4. Duke 71, No. 16 UNC 69, Mar. 4, 1960: The 1960 ACC Tournament semifinal upset that I described earlier.

3. No. 4 Duke 81, No. 5 UNC 77, Feb. 4, 1961 - Easily the most bitter game in the history of the rivalry. It all centered around Art Heyman, a Long Island prep star who first committed to UNC, but switched to Duke after his stepfather got into a fight with UNC coach Frank McGuire. A year earlier, Heyman was involved in a brutal brawl when he was cold-cocked during a freshman game with UNC in Siler City. The '61 meeting in Durham was so ugly that in the freshman game before the main affair, UNC finished the game with four players after seven were ejected or fouled out. There was a near brawl in the first half of the varsity game and an incident when the teams left the floor at halftime that led to assault charges being filed against Heyman for hitting a male UNC cheerleader (the charges were later dismissed). Through it all, Heyman destroyed Doug Moe, the best defensive player in the ACC in that era. The Duke soph poured in 36 points on 11 of 13 shooting from the floor to push Duke to a safe lead in the final seconds. But with moments remaining, he grabbed UNC's Larry Brown to prevent a meaningless layup. Brown responded by throwing the ball in Heyman's face, then following with a punch. Future NBA exec Donnie Walsh raced off the UNC bench and clobbered Heyman from behind. The scene dissolved into the wildest brawl in ACC history - a fight that lasted 10 minutes before order was restored. Heyman (along with Brown and Walsh) was suspended, but interesting fact - he never lost to UNC again and on his Senior Day, punished the Tar Heels with a career high 40 points and 24 rebounds in a 106-93 rout.

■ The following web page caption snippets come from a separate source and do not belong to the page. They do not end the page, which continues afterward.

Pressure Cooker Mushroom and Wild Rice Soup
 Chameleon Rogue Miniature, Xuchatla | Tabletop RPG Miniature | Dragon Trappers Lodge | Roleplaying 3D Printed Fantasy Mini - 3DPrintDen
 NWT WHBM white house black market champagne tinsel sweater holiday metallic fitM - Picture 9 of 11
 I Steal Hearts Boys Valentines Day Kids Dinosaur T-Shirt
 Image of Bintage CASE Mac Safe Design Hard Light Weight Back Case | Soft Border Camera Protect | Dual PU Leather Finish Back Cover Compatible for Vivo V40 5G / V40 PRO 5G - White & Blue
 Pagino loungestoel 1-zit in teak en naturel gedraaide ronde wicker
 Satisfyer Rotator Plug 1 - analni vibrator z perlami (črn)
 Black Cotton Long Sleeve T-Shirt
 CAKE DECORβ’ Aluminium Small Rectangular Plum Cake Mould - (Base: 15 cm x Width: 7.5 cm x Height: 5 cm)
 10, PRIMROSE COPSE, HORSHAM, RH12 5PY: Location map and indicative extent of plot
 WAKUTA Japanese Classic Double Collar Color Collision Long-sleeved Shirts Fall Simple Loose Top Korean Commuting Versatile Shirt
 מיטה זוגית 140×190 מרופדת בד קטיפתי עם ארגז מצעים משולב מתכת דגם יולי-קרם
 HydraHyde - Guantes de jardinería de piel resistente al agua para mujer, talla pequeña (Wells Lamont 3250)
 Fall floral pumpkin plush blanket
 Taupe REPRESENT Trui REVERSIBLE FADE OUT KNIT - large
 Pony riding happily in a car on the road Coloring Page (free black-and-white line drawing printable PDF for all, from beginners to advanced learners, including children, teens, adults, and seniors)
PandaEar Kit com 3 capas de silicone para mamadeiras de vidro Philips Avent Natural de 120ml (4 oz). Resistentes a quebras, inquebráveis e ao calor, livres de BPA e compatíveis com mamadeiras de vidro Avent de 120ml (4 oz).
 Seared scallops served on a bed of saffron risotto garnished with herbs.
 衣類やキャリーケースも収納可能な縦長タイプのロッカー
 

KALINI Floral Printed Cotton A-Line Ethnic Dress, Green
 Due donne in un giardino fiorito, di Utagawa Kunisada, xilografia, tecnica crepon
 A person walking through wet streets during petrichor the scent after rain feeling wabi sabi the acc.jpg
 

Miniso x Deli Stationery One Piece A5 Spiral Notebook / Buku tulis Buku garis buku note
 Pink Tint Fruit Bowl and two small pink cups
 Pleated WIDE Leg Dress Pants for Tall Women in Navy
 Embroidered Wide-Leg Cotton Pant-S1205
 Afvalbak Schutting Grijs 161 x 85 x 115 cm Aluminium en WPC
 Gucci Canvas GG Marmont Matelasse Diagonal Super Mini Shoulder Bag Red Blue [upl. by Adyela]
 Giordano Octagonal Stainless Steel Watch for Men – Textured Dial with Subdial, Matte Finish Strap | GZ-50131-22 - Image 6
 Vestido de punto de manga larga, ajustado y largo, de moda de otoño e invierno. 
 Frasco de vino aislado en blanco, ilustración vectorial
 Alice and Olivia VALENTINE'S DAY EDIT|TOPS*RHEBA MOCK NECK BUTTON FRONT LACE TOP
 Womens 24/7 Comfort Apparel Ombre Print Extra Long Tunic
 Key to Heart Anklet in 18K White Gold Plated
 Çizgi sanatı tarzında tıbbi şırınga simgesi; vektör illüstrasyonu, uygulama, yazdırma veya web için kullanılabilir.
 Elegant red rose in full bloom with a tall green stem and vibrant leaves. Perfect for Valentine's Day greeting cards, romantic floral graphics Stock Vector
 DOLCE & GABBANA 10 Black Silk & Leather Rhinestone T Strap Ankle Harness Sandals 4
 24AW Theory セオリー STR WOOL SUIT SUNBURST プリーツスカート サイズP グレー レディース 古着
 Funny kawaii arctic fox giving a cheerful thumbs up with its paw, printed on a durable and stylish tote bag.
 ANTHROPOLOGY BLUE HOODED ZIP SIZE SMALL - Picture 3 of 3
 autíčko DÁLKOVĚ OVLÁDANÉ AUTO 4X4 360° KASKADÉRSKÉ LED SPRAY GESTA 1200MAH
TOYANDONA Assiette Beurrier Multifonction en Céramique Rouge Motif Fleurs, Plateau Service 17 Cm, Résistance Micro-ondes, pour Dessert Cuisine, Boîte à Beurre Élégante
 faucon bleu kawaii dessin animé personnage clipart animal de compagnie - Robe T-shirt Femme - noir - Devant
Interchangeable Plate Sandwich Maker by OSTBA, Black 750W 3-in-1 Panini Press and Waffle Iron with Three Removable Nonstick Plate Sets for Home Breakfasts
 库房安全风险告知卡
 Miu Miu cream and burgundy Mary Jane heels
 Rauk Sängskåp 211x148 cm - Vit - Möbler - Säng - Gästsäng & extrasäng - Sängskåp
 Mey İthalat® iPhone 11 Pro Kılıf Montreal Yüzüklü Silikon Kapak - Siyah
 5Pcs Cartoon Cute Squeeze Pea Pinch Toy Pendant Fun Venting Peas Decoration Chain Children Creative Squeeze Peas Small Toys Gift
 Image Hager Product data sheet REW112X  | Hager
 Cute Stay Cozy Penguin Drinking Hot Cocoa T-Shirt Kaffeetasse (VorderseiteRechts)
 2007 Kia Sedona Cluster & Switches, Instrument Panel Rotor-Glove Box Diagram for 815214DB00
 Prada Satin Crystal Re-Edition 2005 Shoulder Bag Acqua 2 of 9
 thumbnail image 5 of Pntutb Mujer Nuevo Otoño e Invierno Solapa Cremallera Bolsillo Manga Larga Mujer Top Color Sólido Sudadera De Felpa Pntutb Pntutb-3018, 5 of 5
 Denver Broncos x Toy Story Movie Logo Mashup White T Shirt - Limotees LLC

2. No. 1 Duke 77, No. 3 UNC 75, Feb. 28, 1998: North Carolina had blown out Duke earlier in Chapel Hill and seemed to be doing it again in Durham. UNC led by 12 at the half and stretched that to 17 points with just over 11 minutes left to play. That's when freshman Elton Brand, who had missed most of the season with a broken foot, went to work. He scored on four straight possessions to jump-start the comeback. Senior Roshown McLeod also got hot as Duke scored on 15 of 18 possessions to close the gap. Soph Chris Carrawell scored his only basket of the game to tie the score at 75 and moments later, McLeod scored over Antawn Jamison to give Duke its first lead. UNC missed four free throws in the final 10 seconds to give Duke the win and the ACC regular season title. The most memorable image of the day was the shot of senior point guard Steve Wojciechowski racing across the court to leap into Krzyzewski's arms.

1. No. 10 Duke 87, No. 3 UNC 86, 3 OT, Mar. 2, 1968: The Freddie Lind game. The game itself was incredible enough as Duke battled the Final Four bound Tar Heels into triple overtime. But what made the game unique was the unexpected hero. Fred Lind was a junior from Illinois who almost never got off the bench. He had played a total of 33 minutes and scored 12 points - all in garbage time - in Duke's first 23 games. But with All-American center Mike Lewis in foul trouble, the 6-7 Lind was called on to defend 6-11 UNC center Rusty Clark. Lewis ended up with 18 points and 18 rebounds before he fouled out with eight minutes left and the Devils trailing. Lind stepped in and improbably began to make winning plays. He had 16 points and nine rebounds off the bench, hitting two free throws to force the first overtime and an unbelievable 20-foot jumper on the fast break to force a second OT. Veteran Steve Vandenberg made what proved to be the winning basket, but only after Lind had blocked Clark to give him a chance. Thousands of students waited after the game in the area between Duke Indoor Stadium and Card Gym, waiting to carry the unlikely hero to the Chapel. The ride didn't make it that far, but Lind still enjoyed one of the great post-game moments in Duke basketball history.

Re-reading this list, I can't believe the moments I left out - the Robbie West game-winner in 1972 (on the day when Duke Indoor Stadium was renamed Cameron Indoor Stadium) … the great overtime win in 2000, when Jason Williams followed a terrible 40 minutes with a dominant performance in overtime … Dick DeVenzio's great performance in 1969, when Dean Smith said the Tar Heels lost the game two years earlier, when DeVenzio picked Duke over UNC … the delicious 82-50 rout from 2010 or the terrific comeback in 2011 … the triple crown in 1988 … finally breaking the Carmichael jinx in 1985 …

Just too many great moments to talk about them all.

And, I have to admit, I'm sure that Tar Heel fans have just as many terrific memories from their point of view.

That's what makes this series so glorious. Will there be another game for the list tonight?